Reid Barton (Nov 28 2022 at 03:51):

If you're already writing foo X to mean "X is a foo" (e.g. foo = group) then LawfulFoo X seems fine.

Andrew Yang (Nov 28 2022 at 03:59):

By the way, is_limit will be translated to IsLimit regardless. It is not a typeclass.

Reid Barton (Nov 28 2022 at 04:03):

Oh it never occurred to me that is_left_adjoint might be a type class.

Thomas Murrills (Nov 28 2022 at 04:11):

If you're already writing foo X to mean "X is a foo" (e.g. foo = group) then LawfulFoo X seems fine.

In those cases, does Foo X mean that X carries a Foo structure, and g : Foo X is the actual Foo as data?
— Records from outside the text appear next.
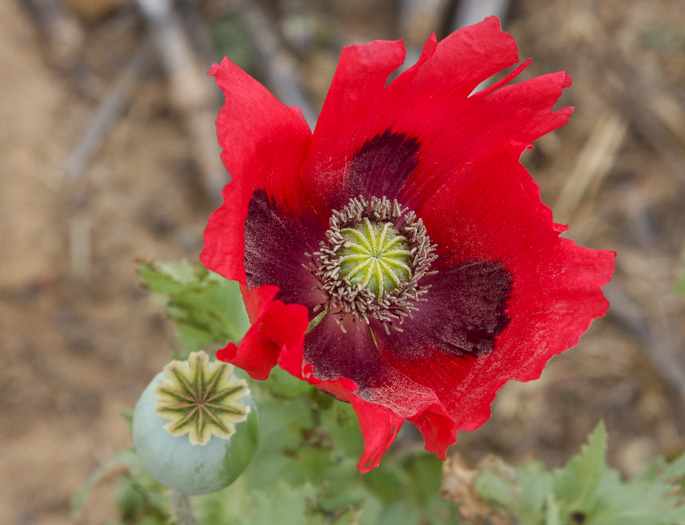 Opium Poppy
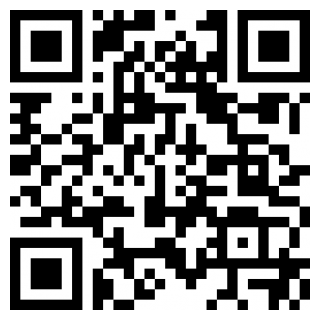 武装掠夺下载手机版本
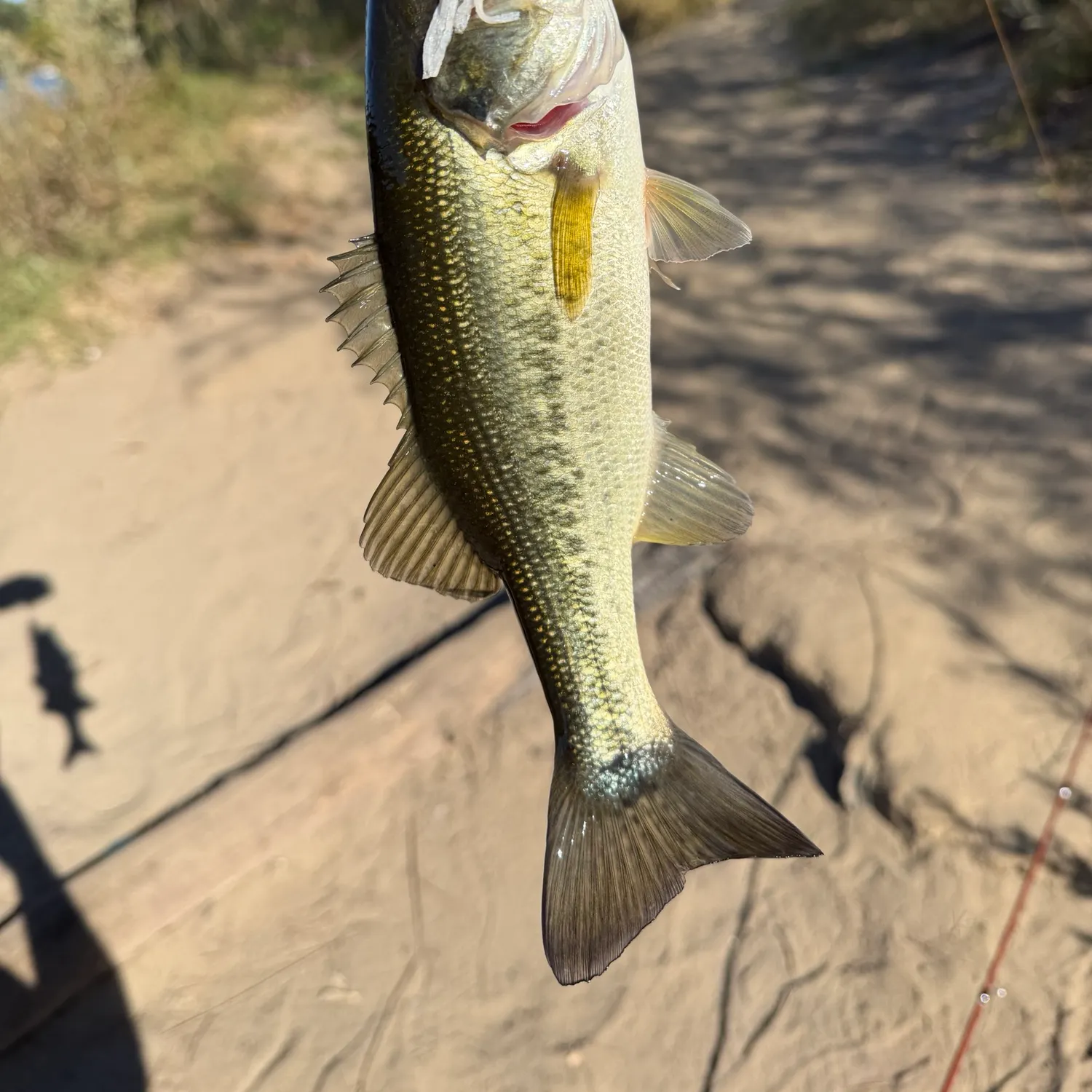 Fish caught on Fishbrain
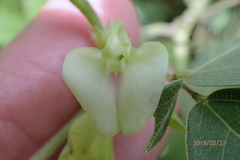 Macrotyloma axillare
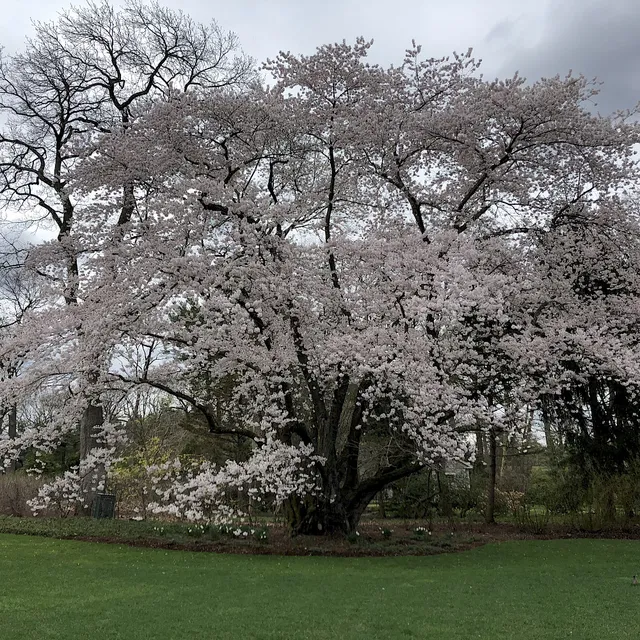 work photo from vistahorticulturalservices.com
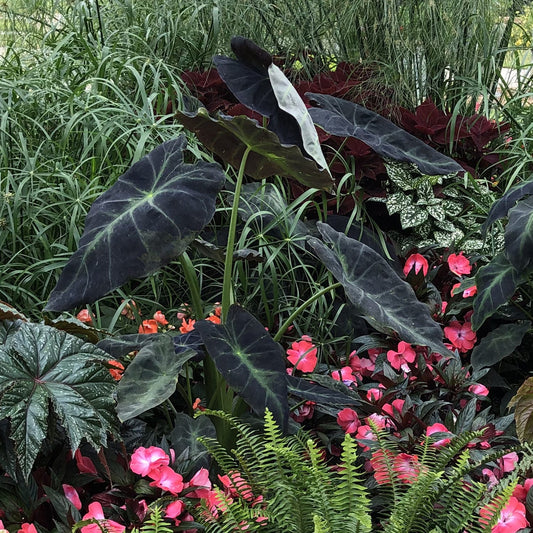 A lush garden scene showcasing large, dark green Illustris Elephant’s Ear (Colocasia) leaves, pink flowers, ferns, and other watery foliage for a vibrant mix of colors and textures - Photo Property of Garden Crossings LLC.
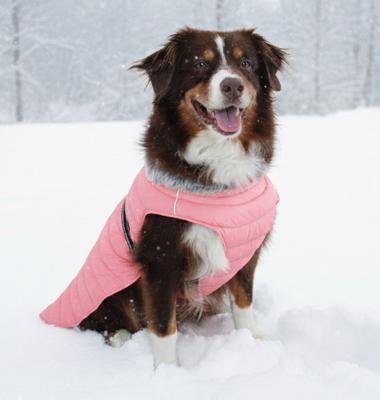 Show full view: Doggie Design Alpine Extreme Weather Waterproof Insulated Dog Puffer Coat, Peach, Small slide 3 of 5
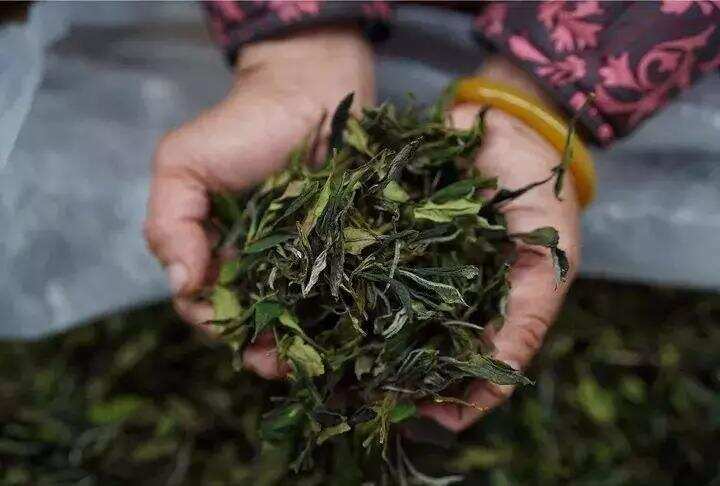 找茶难，买茶难！那做一个福鼎白茶的生产者，最难的是什么？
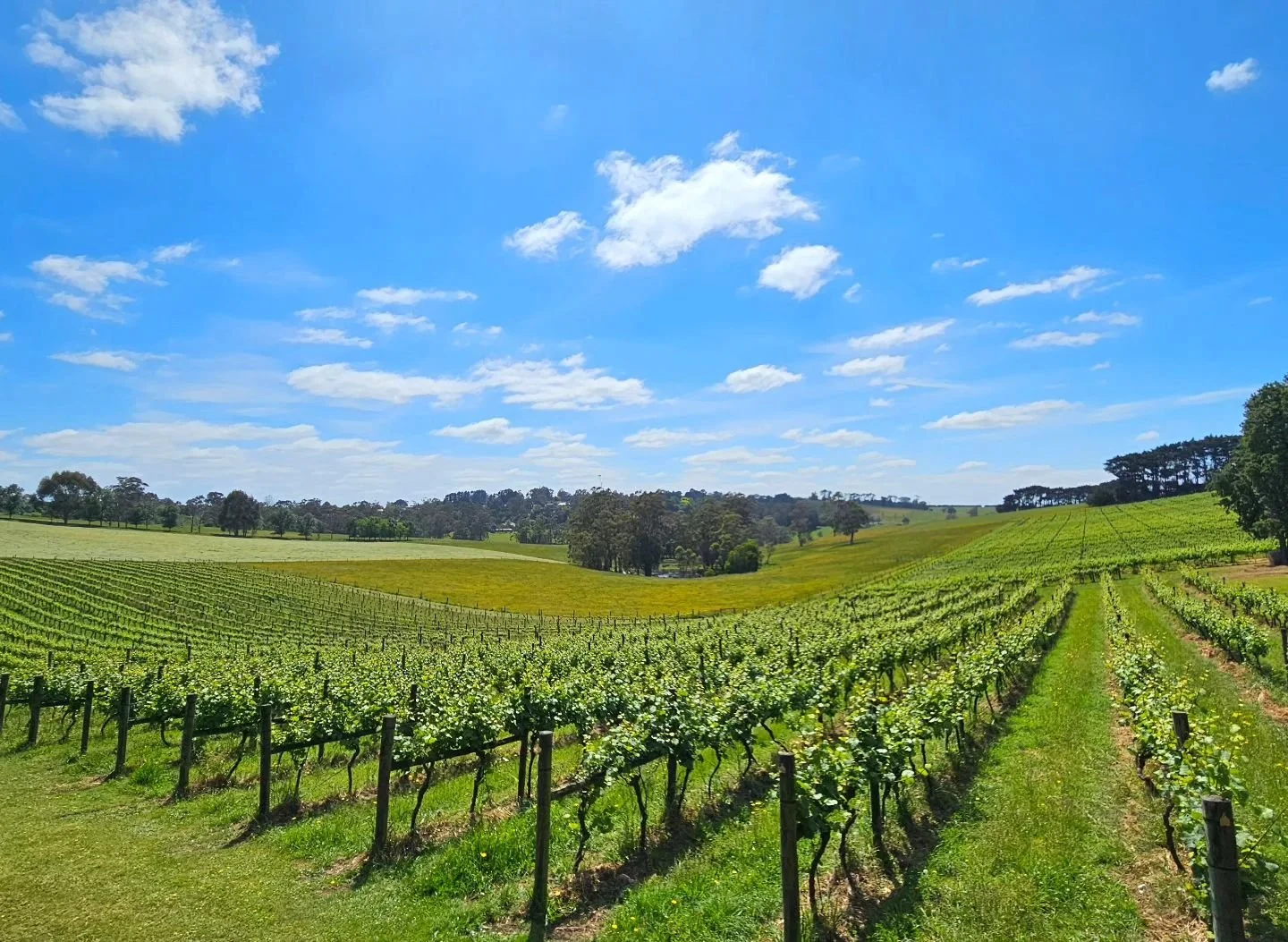 S P R I N G 🌱  Our dining room currently frames 100 shades of patchwork green, overlooking the rolling farmland of West Gippsland. It's the perfect time to come out, enjoy the sunshine and warming days of late spring, and&nbsp;dine from one of&nbsp;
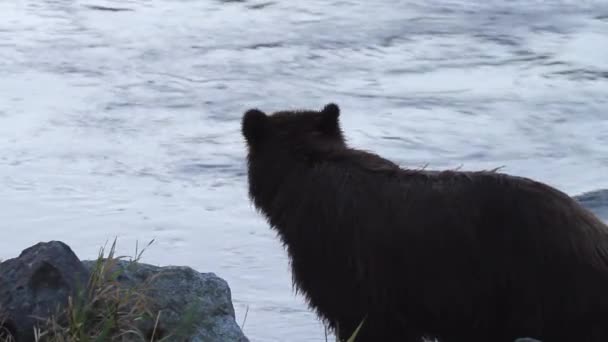 Nasser Grizzlybär Steht Schattigen Flusssteinen Neben Fließendem Wasser — Stockvideo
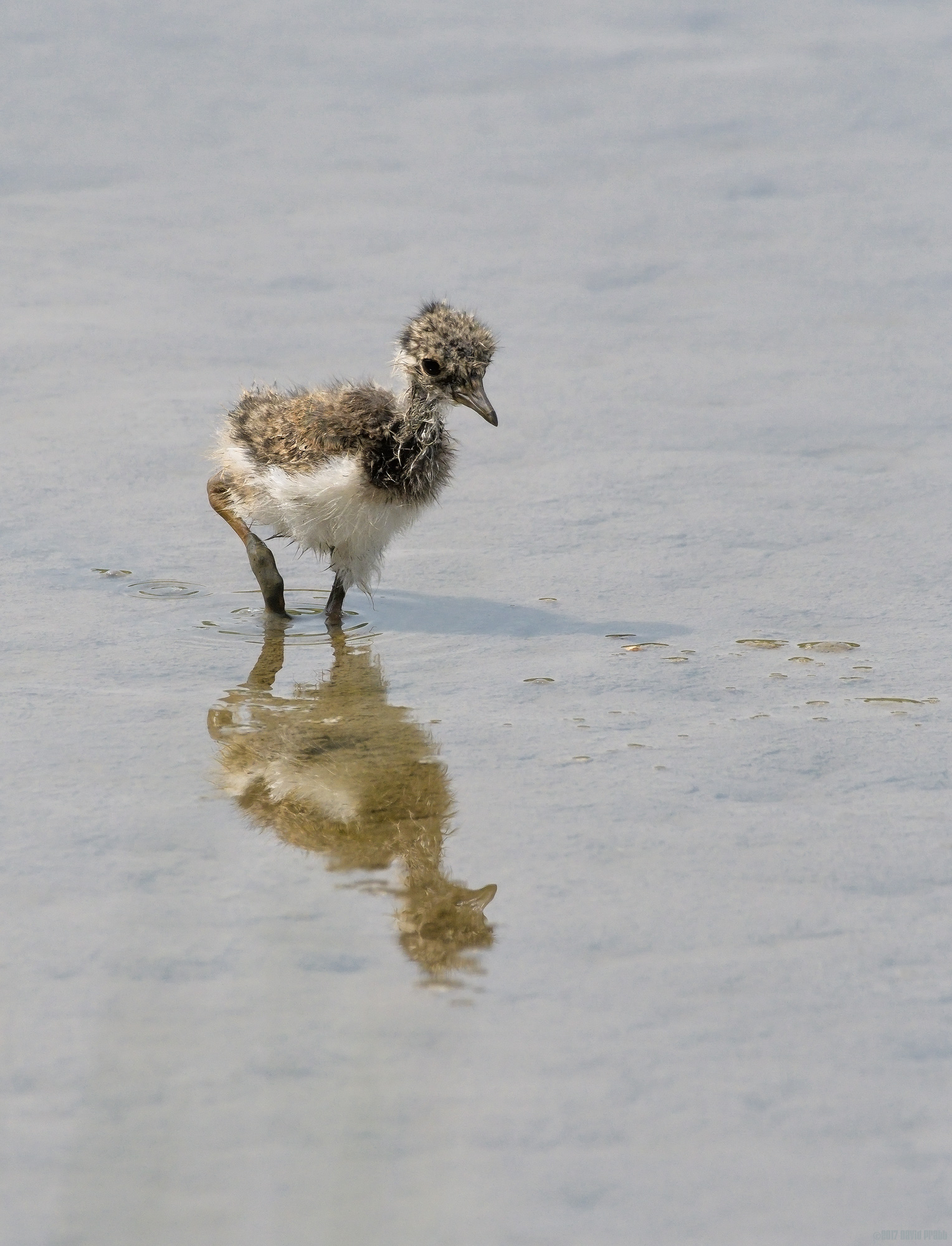 Little Lapwing
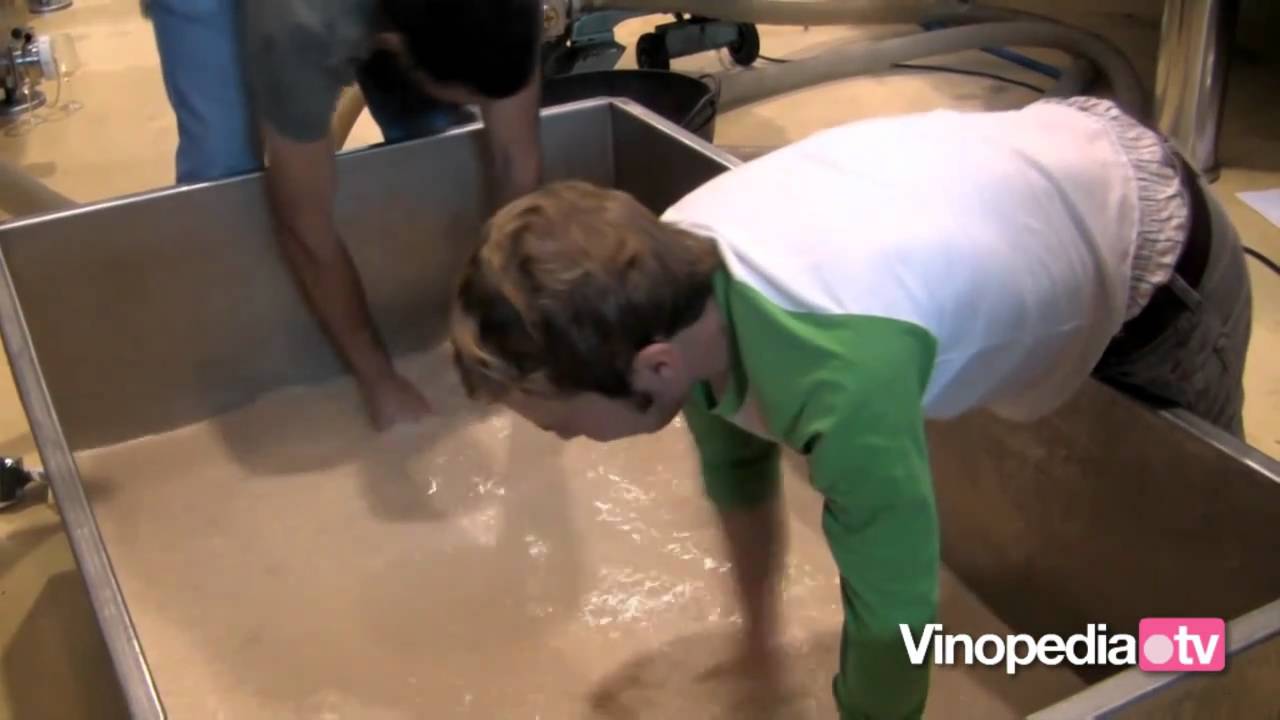 Capítulo 8. Elaboración de un vino blanco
If so I think that’s qualitatively different than LawfulFoo X : Prop (which is what we see in e.g. LawfulMonad)

Thomas Murrills (Nov 28 2022 at 04:12):

(if not, though, then I agree :) )

Richard Osborn (Nov 28 2022 at 04:17):

There are around 40 classes already ported as "IsThing", so there isn't a strong push to drop "is" from class names. It sounds like there are arguments for both sides.

Reid Barton (Nov 28 2022 at 04:39):

I agree that for classes it's a bit murkier as you don't tend to name inhabitants of a class.

Arien Malec (Nov 28 2022 at 05:23):

I made updates in the wiki to clarify the case of def Foo: Type := sorry, and toned down the Lean 4 typeclass section. It would be helpful to replace the "<?>" there.

Sebastian Ullrich (Nov 28 2022 at 09:07):

LawfulMonad is a mistake we haven't corrected yet. It should definitely have an Is.